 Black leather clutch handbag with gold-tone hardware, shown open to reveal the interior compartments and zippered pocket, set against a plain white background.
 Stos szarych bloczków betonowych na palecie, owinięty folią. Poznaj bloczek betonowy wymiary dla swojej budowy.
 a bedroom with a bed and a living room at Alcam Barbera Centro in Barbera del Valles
────────────────────────────────────────
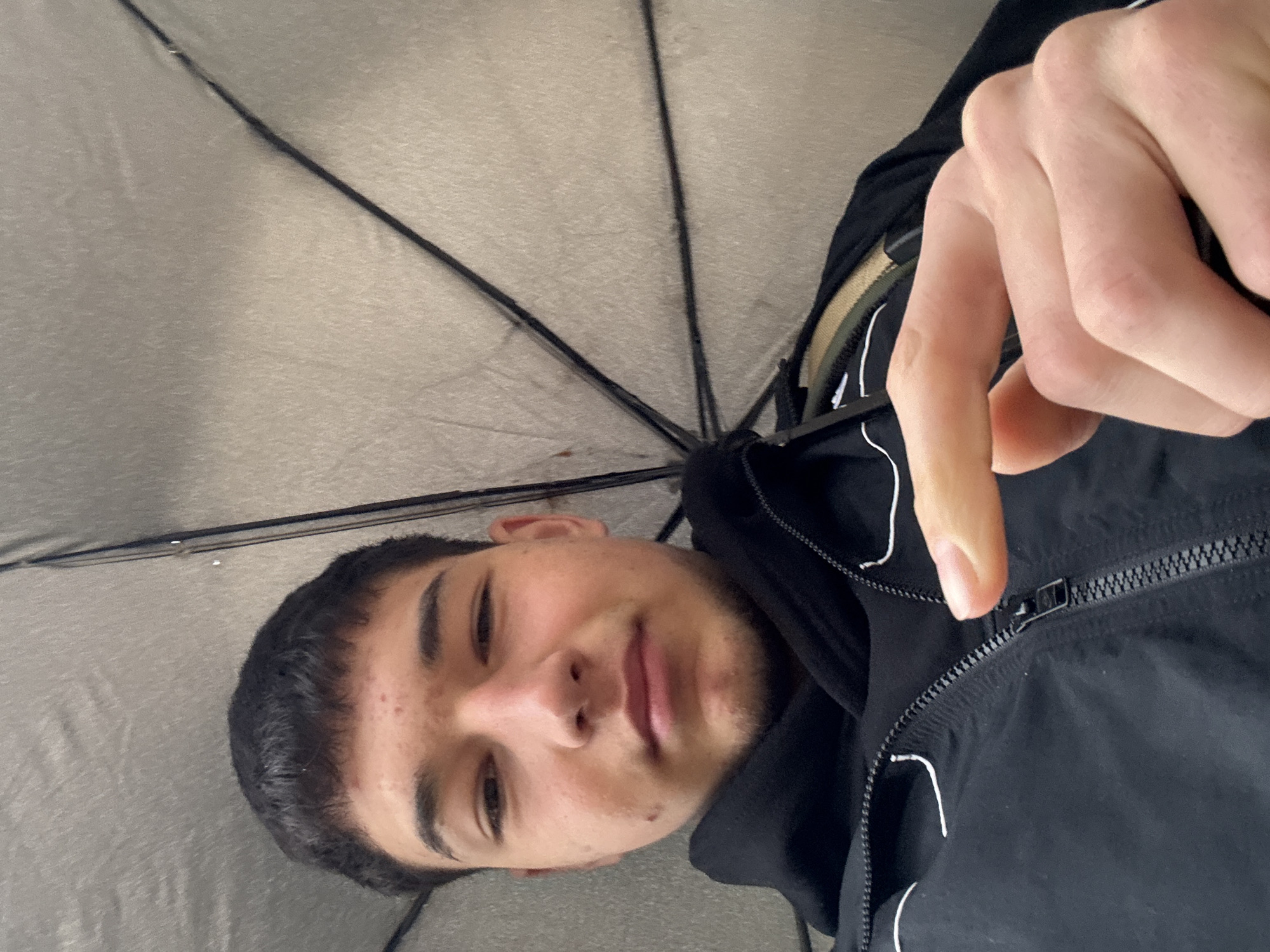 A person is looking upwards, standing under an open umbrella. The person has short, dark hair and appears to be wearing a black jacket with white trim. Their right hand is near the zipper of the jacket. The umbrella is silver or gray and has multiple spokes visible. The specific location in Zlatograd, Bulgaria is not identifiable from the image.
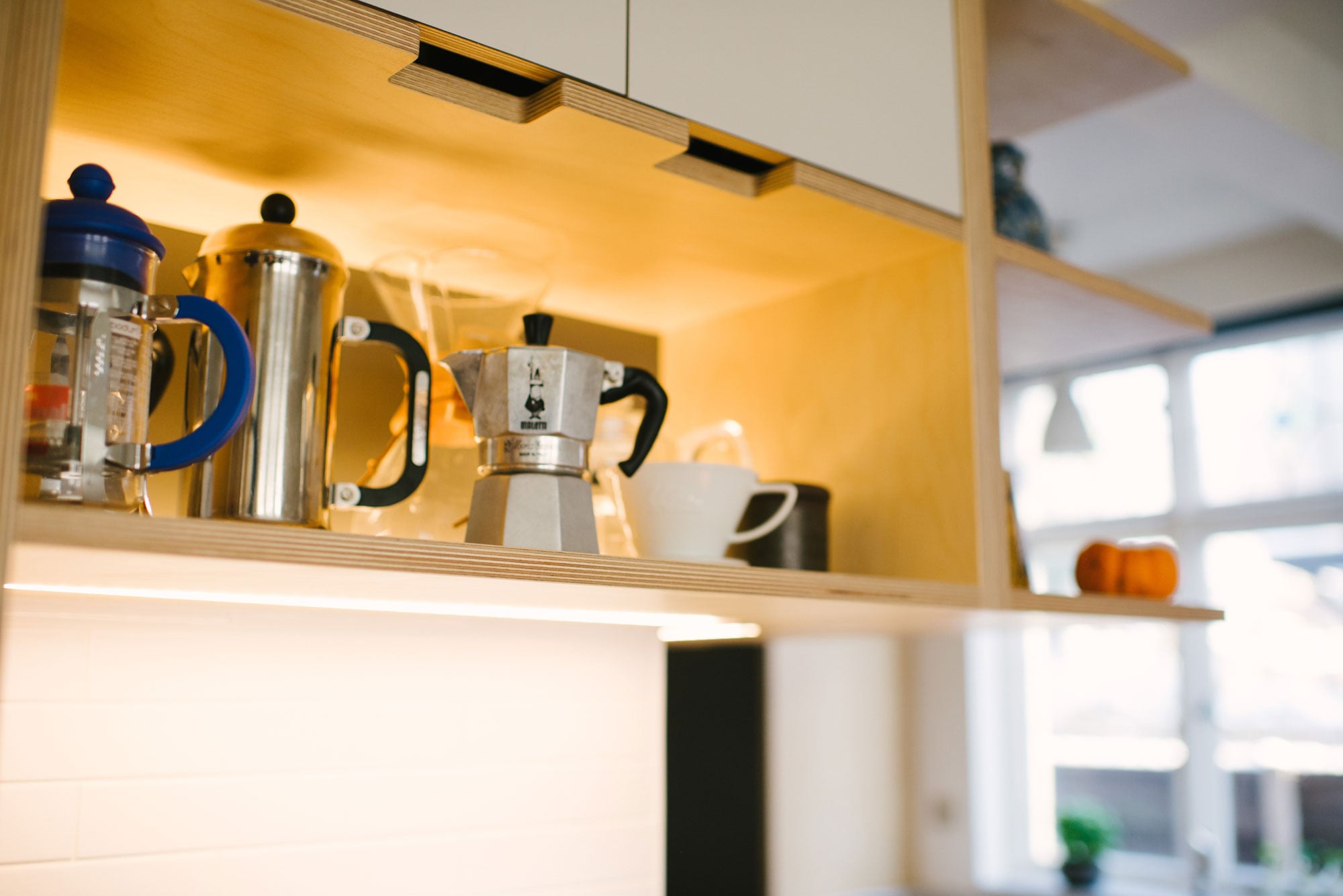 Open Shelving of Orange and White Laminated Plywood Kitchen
────────────────────────────────────────
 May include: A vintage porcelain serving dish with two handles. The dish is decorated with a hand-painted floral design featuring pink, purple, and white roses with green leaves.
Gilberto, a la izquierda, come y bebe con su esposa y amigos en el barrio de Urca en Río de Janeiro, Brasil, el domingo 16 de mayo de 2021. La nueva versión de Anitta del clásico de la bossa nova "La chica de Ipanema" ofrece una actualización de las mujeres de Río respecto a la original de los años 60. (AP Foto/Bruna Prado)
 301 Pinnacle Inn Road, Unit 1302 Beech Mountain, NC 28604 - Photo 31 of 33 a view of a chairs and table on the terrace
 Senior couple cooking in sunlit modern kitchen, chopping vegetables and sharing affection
────────────────────────────────────────
- _Work instructions_
From the material above, set down exactly the lines starting at the one with "Black leather clutch" and ending at the one with "a bedroom with", end lines included.

- _Output for this exercise_
 Black leather clutch handbag with gold-tone hardware, shown open to reveal the interior compartments and zippered pocket, set against a plain white background.
 Stos szarych bloczków betonowych na palecie, owinięty folią. Poznaj bloczek betonowy wymiary dla swojej budowy.
 a bedroom with a bed and a living room at Alcam Barbera Centro in Barbera del Valles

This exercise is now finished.